In Windsor-Smith’s original version we see how more revealing queen Fatima’s outfit was, as well as the scene between the slave Yaila and Conan. Conan’s summary execution of queen Fatima has always been one of my favorite scenes in The Dweller in the Dark, and now that I feel lucky for having the opportunity to see the original version (which includes a partial glimpse of the queen’s nipples, something that even today would be censored by Marvel or DC, unless it appeared under a ‘mature content’ label). 

Hace apenas 4 meses escribí sobre la magnífica edición de Conan the Barbarian: The Original Marvel Years Omnibus, que es muy superior a los tomos recopilatorios editados por Dark Horse hace casi 20 años. La calidad de las ediciones Omnibus de Marvel siempre es impresionante, y con este volumen de Conan podemos ver todas las portadas (que nunca se incluyeron en la edición de Dark Horse), el color original (en lugar del recoloreado artificial de Dark Horse) y, lo mejor de todo, muchas páginas de contenido adicional, incluidos, por supuesto, el arte original de Barry Windsor-Smith.

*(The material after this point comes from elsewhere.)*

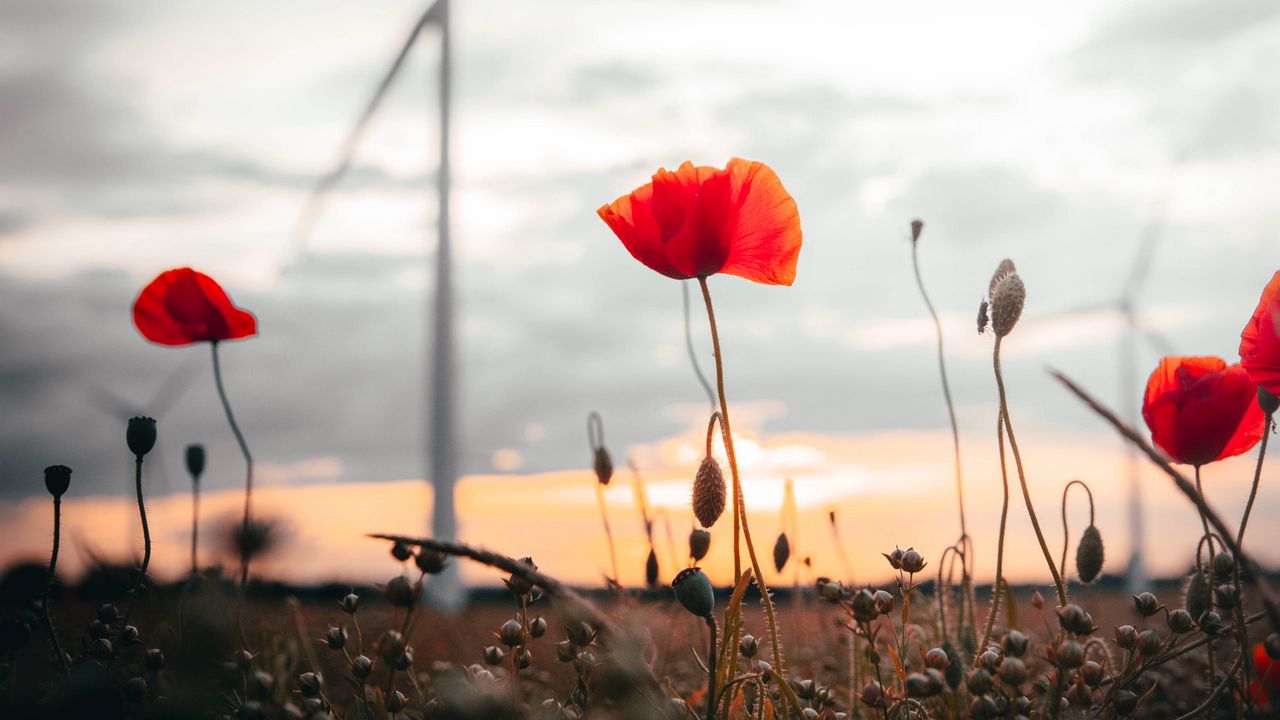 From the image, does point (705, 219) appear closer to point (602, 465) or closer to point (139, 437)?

He leído Conan en muchas ediciones diferentes: las ediciones mexicanas de Novaro de los 70s, que a menudo eliminaban páginas enteras para que pudieran caber 2 cómics completos en una sola edición estándar de 32 páginas; las ediciones españolas de Forum (que fueron, con mucho, la mejor edición en español de los cómics de Conan), las reimpresiones de Dark Horse (con todos sus defectos), y ahora este extraordinario Omnibus. Y después de revisar todo el material adicional, tuve la idea de escribir sobre el arte censurado, una práctica común en la industria del cómic, especialmente en los 70s.

El organismo central para la censura fue la Autoridad del Código de Comics (Comics Code Authority), que comenzó en 1954 y fue utilizada por Marvel casi medio siglo después (hasta el 2001) e incluso más tiempo por DC Comics (hasta el 2010), en Conan the Barbarian # 12, que reseñé en este blog hace 8 años (¡vaya!), "el Código de Comics requería cambios de arte y contenido para que [The Dweller in the Dark] recibiera la aprobación requerida".

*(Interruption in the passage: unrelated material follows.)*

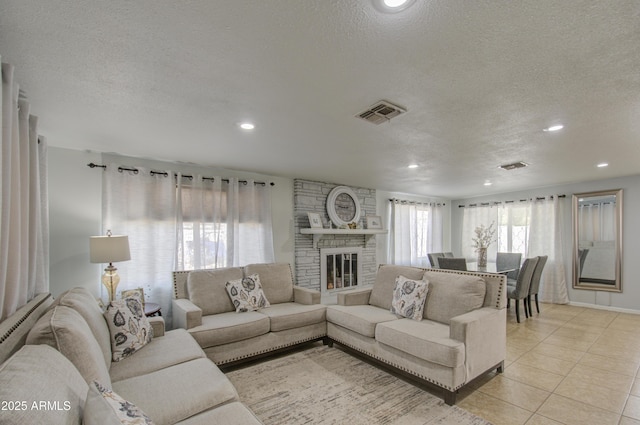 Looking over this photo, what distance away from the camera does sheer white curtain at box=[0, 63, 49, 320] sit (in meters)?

En la versión original de Windsor-Smith vemos cuán reveladora era la vestimenta de la reina Fátima, así como la escena entre la esclava Yaila y Conan. La manera en la que Conan ejecuta a la reina Fátima siempre ha sido una de mis escenas favoritas en "El que mora en la oscuridad", y ahora me siento afortunado de tener la oportunidad de ver la versión original (que incluye un imagen parcial de los pezones de la reina, algo que incluso hoy sería censurado por Marvel o DC, a menos que apareciera bajo la etiqueta de 'contenido para adultos').


  1. On a History Channel documentary Stan Lee told a story about how the CCA wouldn't approve a story about Harry Osborne doing drugs so they put out the issue without the CCA seal and...nothing happened. So you have to wonder why publishers kowtowed to the CCA for so long.

    In the same documentary Jim Starlin talked about an issue of Nick Fury where they changed a nude scene to a close up of Furys gun and how symbolic that was. Kind of like in TV shows or movies where they cut to stock footage of a train going through a tunnel during a sex scene.

    I don't like censorship but I'll admit sometimes I don't mind so much. Censoring nipples or Batman's penis doesn't seem like a huge loss to me.

    1. Yeah, I saw the same documentary! And it's true, publishers didn't really need the CCA but seems like they weren't brave enough!